In a recent OTN thread a developer described their difficulty in working with ANSI SQL in Oracle Database 8i (quick show of hands, how many people know why?).  The OP eventually asked:

“I don’t suppose there are any normal-query-sytax-to-freakishly-old-syntax converters out there?”

And John Spencer jokingly replied back:

“Personally, I’m looking for a freakishly-new-syntax-to-normal-query-sytax converter.”

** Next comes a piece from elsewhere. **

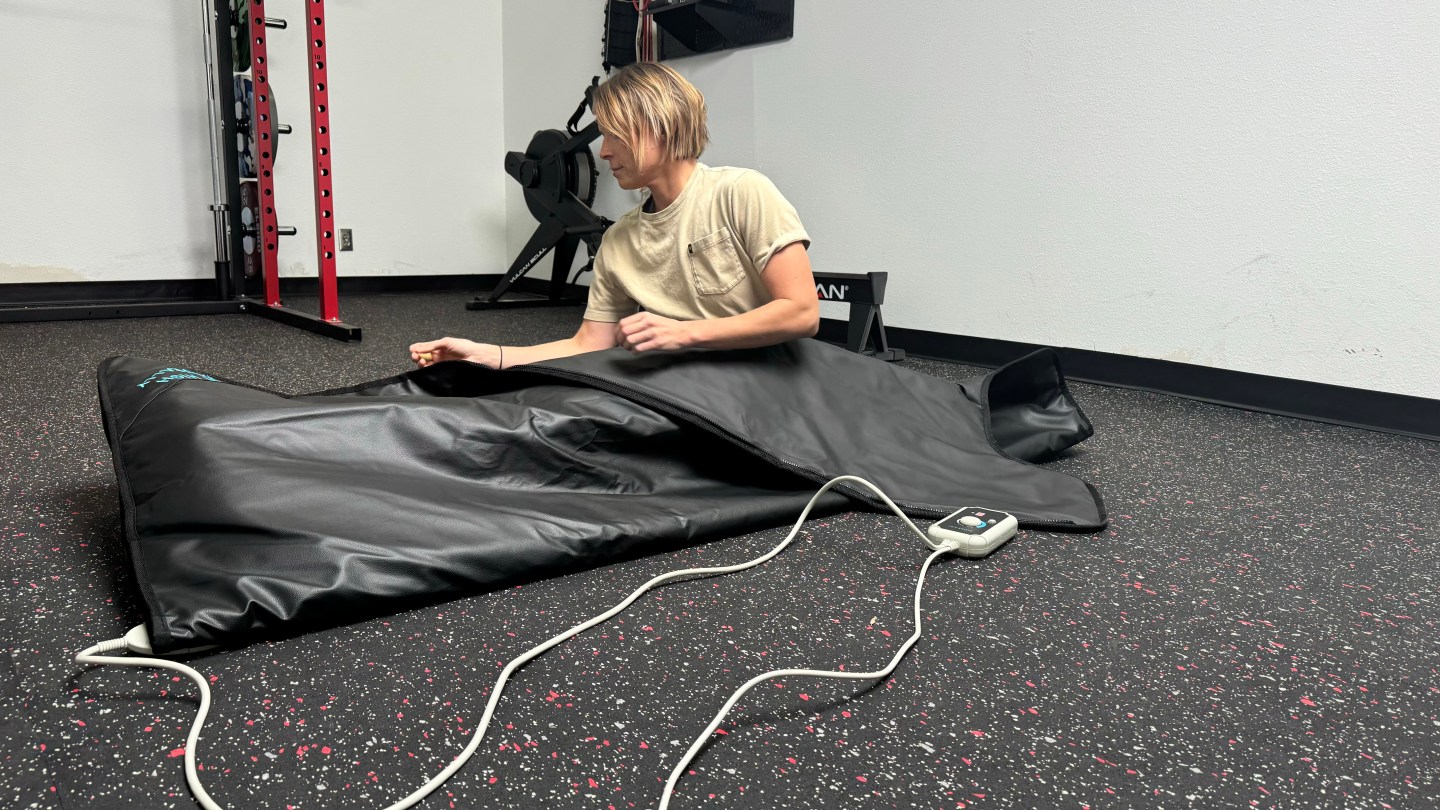 A woman tucked into the HigherDOSE Infrared Sauna Blanket. She's sitting up, and a cord extends from the blanket to the handheld control panel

l thought that this might be an interesting challenge.  A developer is struggling to adjust to Oracle Database, having come from a Microsoft SQL Server development background, and he is looking for a translator that will convert his ANSI SQL to SQL that will work with Oracle Database 8i.  My reply indicated that Oracle provides a free ANSI SQL to Oracle specific SQL translator and tutoring tool in the free Oracle XE.  A free translator and tutor?  Sure, below is an example using Oracle Database 11.2.0.1.  First, let’s create a couple of tables and collect the statistics for those tables:

CREATE TABLE T1 AS
SELECT
  ROWNUM C1,
  LPAD('A',100,'A') PADDING
FROM
  DUAL
CONNECT BY
  LEVEL<=100;

CREATE TABLE T2 AS
SELECT
  ROWNUM C0,
  CEIL(ROWNUM/20) C1,
  LPAD('A',100,'A') PADDING
FROM
  DUAL
CONNECT BY
  LEVEL<=100*20;

CREATE TABLE T3 AS
SELECT
  ROWNUM C0,
  TRUNC((MOD(ROWNUM-1,80)+1)*1.2) C1,
  LPAD('A',100,'A') PADDING
FROM
  DUAL
CONNECT BY
  LEVEL<=1000;

ALTER TABLE T1 MODIFY (C1 NOT NULL);
ALTER TABLE T2 MODIFY (C1 NOT NULL);
ALTER TABLE T3 MODIFY (C1 NOT NULL);

EXEC DBMS_STATS.GATHER_TABLE_STATS(OWNNAME=>USER,TABNAME=>'T1')
EXEC DBMS_STATS.GATHER_TABLE_STATS(OWNNAME=>USER,TABNAME=>'T2')
EXEC DBMS_STATS.GATHER_TABLE_STATS(OWNNAME=>USER,TABNAME=>'T3') 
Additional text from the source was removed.